- **WORK INSTRUCTIONS**:
Leaving out all pictures, repeat exactly the lines from the one that holds "blackberry-moonrocks-auto-fem-alphafem-seeds.jpg" to the last line of the entries below.

(Recorded data)
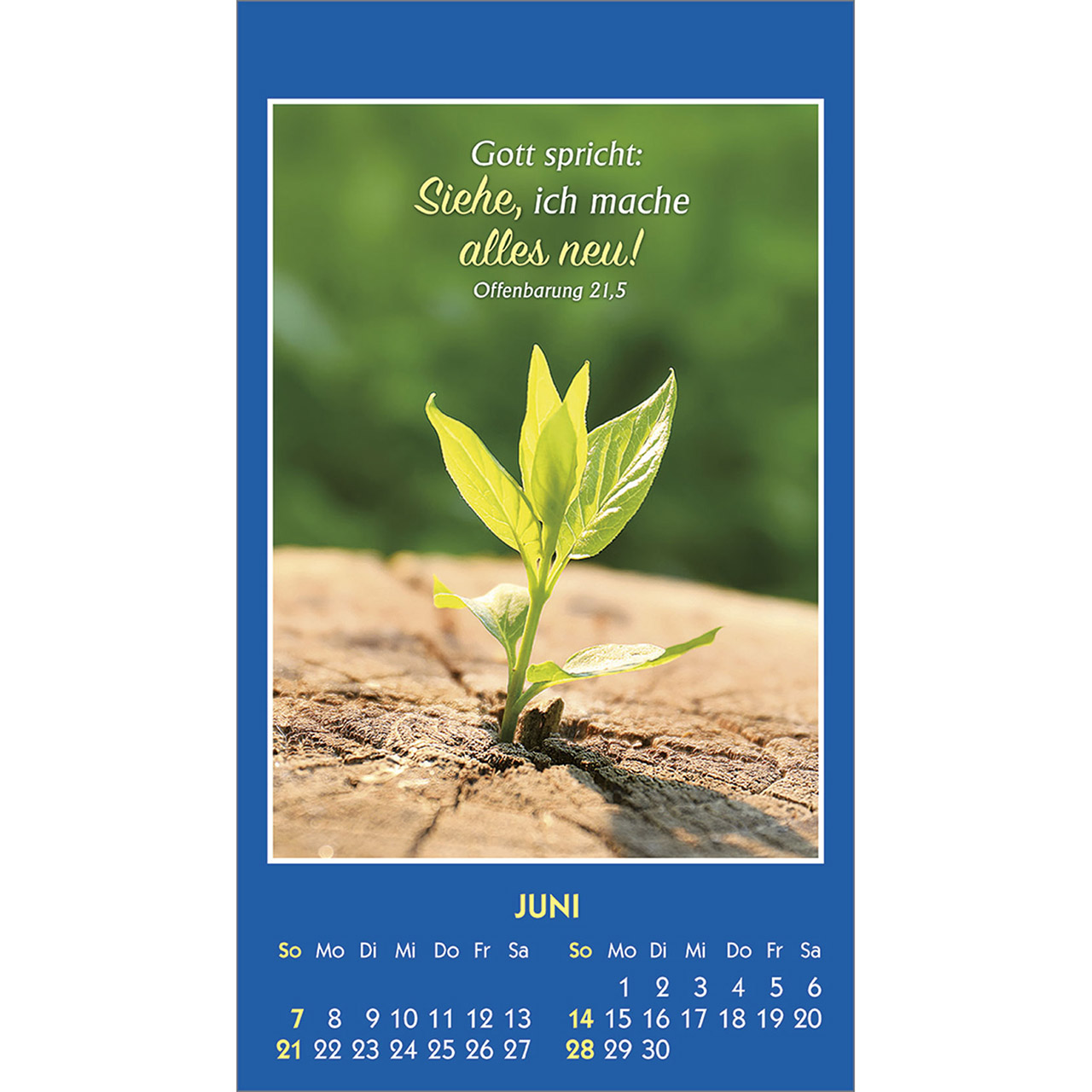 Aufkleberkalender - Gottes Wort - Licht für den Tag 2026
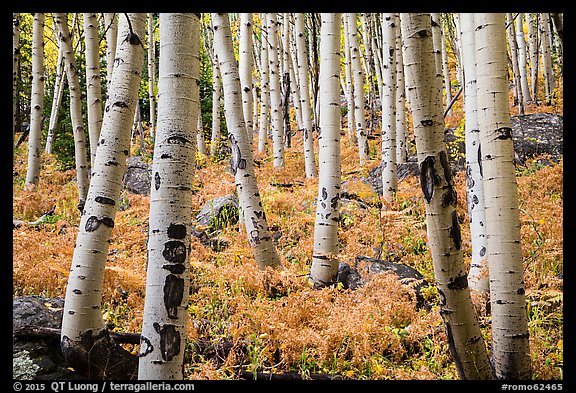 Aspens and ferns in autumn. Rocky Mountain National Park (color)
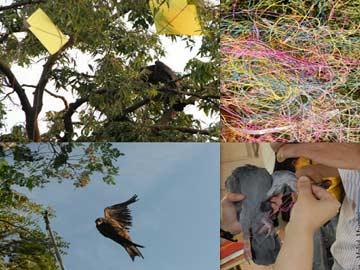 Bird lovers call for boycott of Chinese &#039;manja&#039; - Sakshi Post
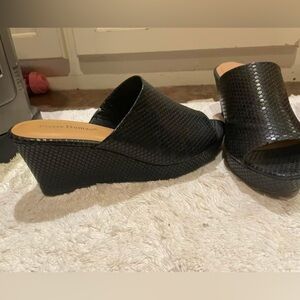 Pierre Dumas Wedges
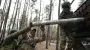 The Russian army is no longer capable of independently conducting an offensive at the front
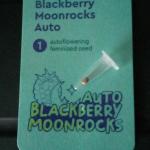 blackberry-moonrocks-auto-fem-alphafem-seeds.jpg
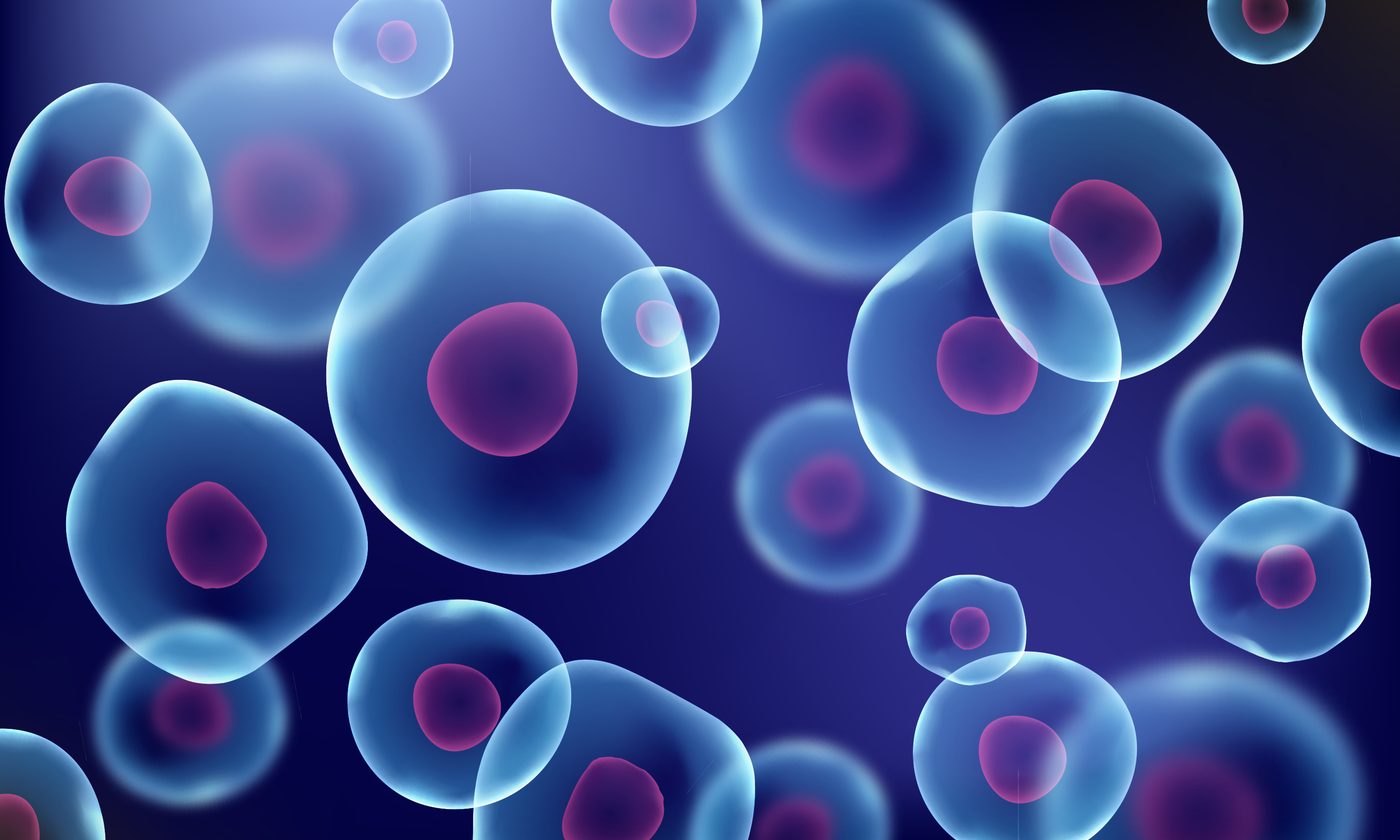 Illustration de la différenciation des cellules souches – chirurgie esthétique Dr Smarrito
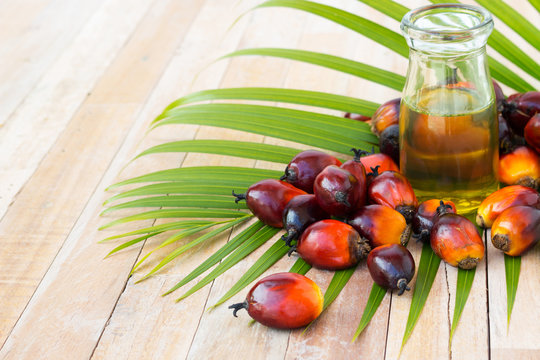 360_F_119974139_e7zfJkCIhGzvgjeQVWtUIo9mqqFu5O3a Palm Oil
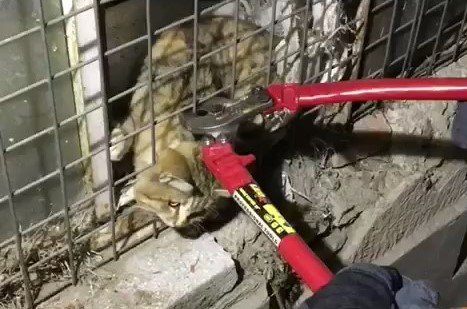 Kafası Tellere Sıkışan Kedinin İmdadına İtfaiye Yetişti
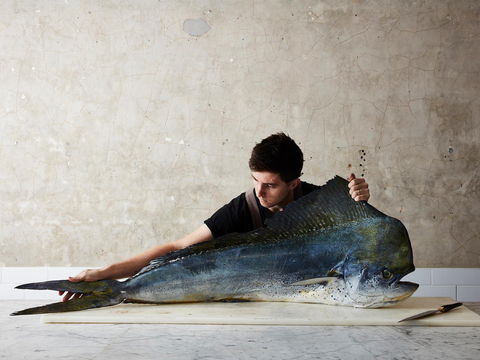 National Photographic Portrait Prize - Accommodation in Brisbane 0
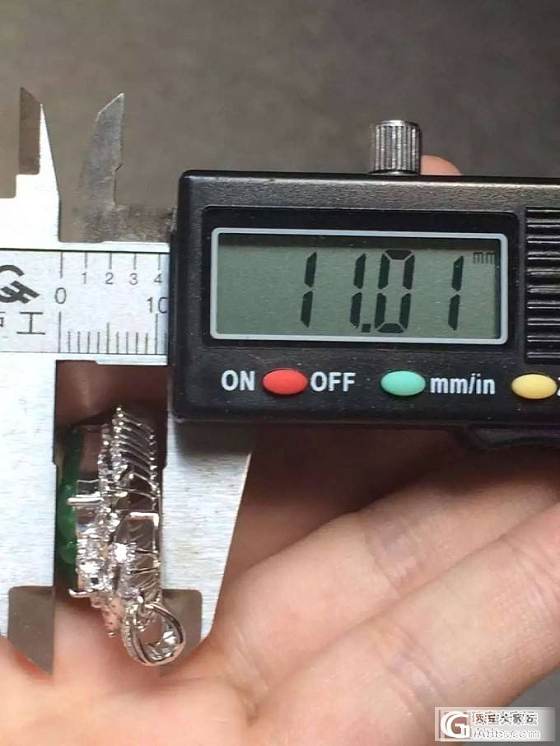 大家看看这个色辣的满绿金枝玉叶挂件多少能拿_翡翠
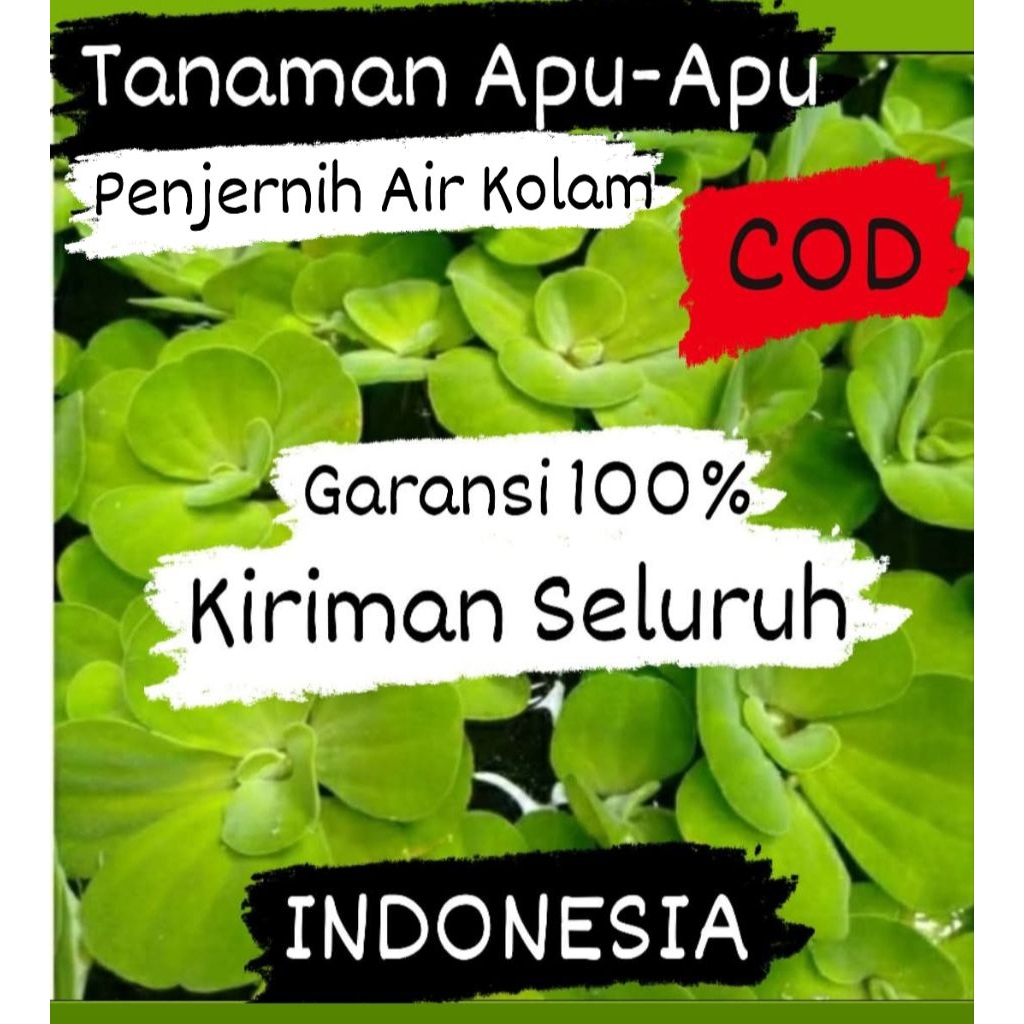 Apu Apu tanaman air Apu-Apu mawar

- **OUTPUT FOR THIS TASK**:
 blackberry-moonrocks-auto-fem-alphafem-seeds.jpg
 Illustration de la différenciation des cellules souches – chirurgie esthétique Dr Smarrito
 360_F_119974139_e7zfJkCIhGzvgjeQVWtUIo9mqqFu5O3a Palm Oil
 Kafası Tellere Sıkışan Kedinin İmdadına İtfaiye Yetişti
 National Photographic Portrait Prize - Accommodation in Brisbane 0
 大家看看这个色辣的满绿金枝玉叶挂件多少能拿_翡翠
 Apu Apu tanaman air Apu-Apu mawar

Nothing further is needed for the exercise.